Moore said she’s looking forward to applying her double major in German studies and sociology during her Fulbright stint. “Completing a Fulbright in Germany provides an excellent avenue to do that. I feel very honored to be awarded this grant,” Moore said.
Palmisano anticipates exploring other cultures more deeply. “I never imagined I would be given an opportunity to widen my worldview further in such an immersive way, and I am so grateful to my German professors for the continuous support throughout the application process and my time at Furman,” said Palmisano, who will teach in Austria’s second-largest city, Graz. “Receiving this award will open up even more opportunities to combine my interests in the workings of society from both political and cultural standpoints.”

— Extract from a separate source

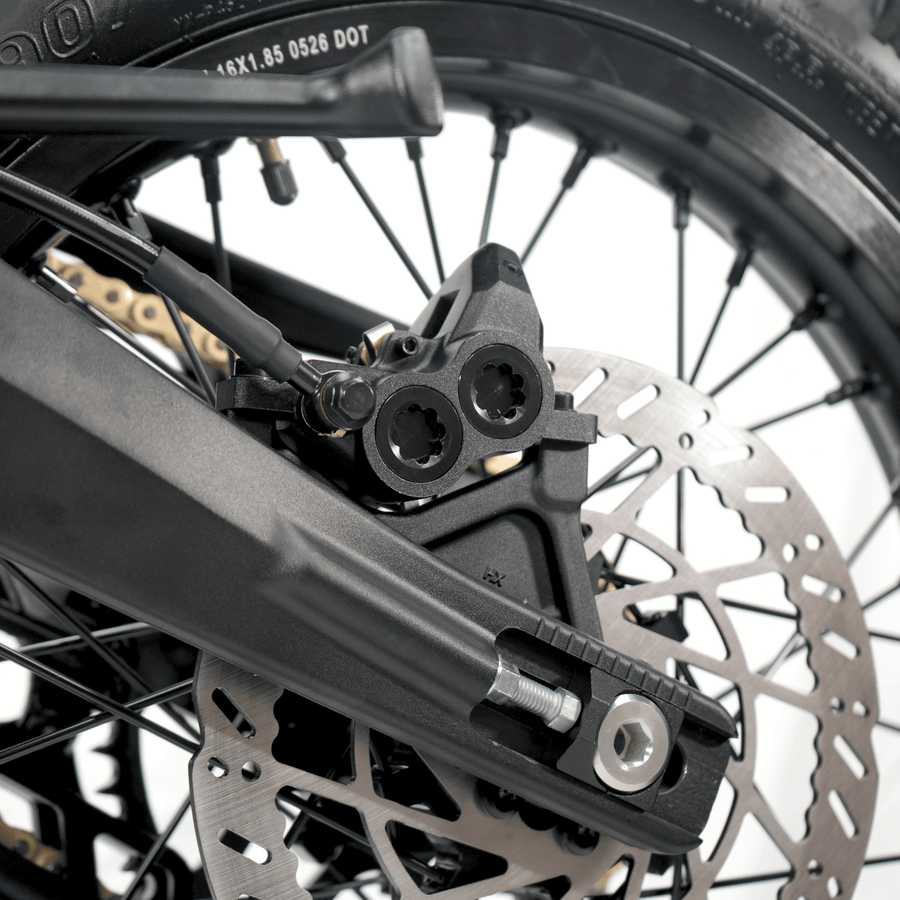 Arctic Leopard XE Pro S electric dirt bike — view 25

As Fulbrighters, these graduates enjoy careers enriched by joining a network of thousands of alumni, many of whom are leaders in their fields. Fulbright alumni include 61 Nobel Prize laureates, 89 Pulitzer Prize recipients and 40 who have served as a head of state or government.
The Fulbright Program is the U.S. government’s flagship international educational exchange program and is supported by the people of the United States and partner countries around the world. The Fulbright Program is funded through an annual appropriation made by the U.S. Congress to the U.S. Department of State’s Bureau of Educational and Cultural Affairs. Participating governments and host institutions, corporations, and foundations around the world also provide direct and indirect support to the program.
Since 1946, the Fulbright Program has provided more than 400,000 participants from over 160 countries the chance to study, teach and conduct research, exchange ideas and contribute to finding solutions to shared international concerns.
This story was updated on June 10 to reflect an additional Fulbright honoree.